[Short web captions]
###

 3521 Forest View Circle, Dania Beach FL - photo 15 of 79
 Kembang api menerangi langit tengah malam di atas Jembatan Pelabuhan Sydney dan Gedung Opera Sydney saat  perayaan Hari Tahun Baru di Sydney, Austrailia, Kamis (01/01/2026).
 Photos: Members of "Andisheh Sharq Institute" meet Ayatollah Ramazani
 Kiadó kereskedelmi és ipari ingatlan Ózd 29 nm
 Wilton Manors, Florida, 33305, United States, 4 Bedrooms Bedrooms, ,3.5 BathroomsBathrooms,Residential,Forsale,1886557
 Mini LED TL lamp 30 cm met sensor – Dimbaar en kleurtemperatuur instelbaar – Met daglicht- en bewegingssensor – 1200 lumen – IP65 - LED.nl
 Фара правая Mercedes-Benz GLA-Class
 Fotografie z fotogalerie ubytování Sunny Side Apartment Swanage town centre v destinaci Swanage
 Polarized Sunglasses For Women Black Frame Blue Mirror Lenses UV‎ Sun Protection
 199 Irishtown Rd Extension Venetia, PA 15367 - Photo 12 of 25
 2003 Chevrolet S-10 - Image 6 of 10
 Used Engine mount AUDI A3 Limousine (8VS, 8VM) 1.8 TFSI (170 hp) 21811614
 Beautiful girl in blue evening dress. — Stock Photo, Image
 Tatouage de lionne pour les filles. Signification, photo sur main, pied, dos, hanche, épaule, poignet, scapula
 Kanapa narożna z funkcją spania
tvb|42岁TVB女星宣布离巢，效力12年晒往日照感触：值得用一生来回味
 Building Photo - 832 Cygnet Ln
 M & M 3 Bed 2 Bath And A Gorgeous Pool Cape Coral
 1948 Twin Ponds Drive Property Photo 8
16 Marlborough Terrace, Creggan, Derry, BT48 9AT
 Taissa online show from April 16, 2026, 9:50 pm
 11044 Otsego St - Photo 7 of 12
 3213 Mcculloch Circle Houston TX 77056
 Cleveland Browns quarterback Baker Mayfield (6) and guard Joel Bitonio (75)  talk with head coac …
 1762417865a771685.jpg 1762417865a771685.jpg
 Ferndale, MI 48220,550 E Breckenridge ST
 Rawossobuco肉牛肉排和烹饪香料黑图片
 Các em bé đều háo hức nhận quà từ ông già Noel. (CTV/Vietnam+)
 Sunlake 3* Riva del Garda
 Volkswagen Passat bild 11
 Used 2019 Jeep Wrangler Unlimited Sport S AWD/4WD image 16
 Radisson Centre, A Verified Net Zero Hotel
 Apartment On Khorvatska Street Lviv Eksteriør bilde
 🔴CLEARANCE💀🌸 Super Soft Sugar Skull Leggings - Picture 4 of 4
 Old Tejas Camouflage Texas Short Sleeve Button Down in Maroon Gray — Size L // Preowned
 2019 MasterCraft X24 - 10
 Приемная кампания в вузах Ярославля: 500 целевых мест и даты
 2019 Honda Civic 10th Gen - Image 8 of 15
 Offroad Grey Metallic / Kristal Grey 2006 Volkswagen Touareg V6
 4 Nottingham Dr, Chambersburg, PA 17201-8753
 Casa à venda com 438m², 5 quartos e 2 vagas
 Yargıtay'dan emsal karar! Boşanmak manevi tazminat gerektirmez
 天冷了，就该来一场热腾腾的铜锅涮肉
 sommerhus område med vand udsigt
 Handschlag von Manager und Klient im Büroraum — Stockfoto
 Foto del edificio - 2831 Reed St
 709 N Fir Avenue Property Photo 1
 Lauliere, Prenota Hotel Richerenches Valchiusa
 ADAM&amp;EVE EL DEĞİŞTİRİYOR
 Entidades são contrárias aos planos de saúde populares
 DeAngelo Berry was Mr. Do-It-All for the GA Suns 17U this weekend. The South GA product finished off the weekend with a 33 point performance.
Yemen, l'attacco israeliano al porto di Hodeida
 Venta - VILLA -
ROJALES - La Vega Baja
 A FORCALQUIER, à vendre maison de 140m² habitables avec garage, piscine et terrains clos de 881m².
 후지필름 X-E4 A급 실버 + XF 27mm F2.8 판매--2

###

- [TASK TO COMPLETE]: Retype, exactly and in full, the lines above from the one containing "Ferndale, MI 48220,550 E Breckenridge ST" through the one containing "Used 2019 Jeep".

- [RESULT OF THE TASK]:
 Ferndale, MI 48220,550 E Breckenridge ST
 Rawossobuco肉牛肉排和烹饪香料黑图片
 Các em bé đều háo hức nhận quà từ ông già Noel. (CTV/Vietnam+)
 Sunlake 3* Riva del Garda
 Volkswagen Passat bild 11
 Used 2019 Jeep Wrangler Unlimited Sport S AWD/4WD image 16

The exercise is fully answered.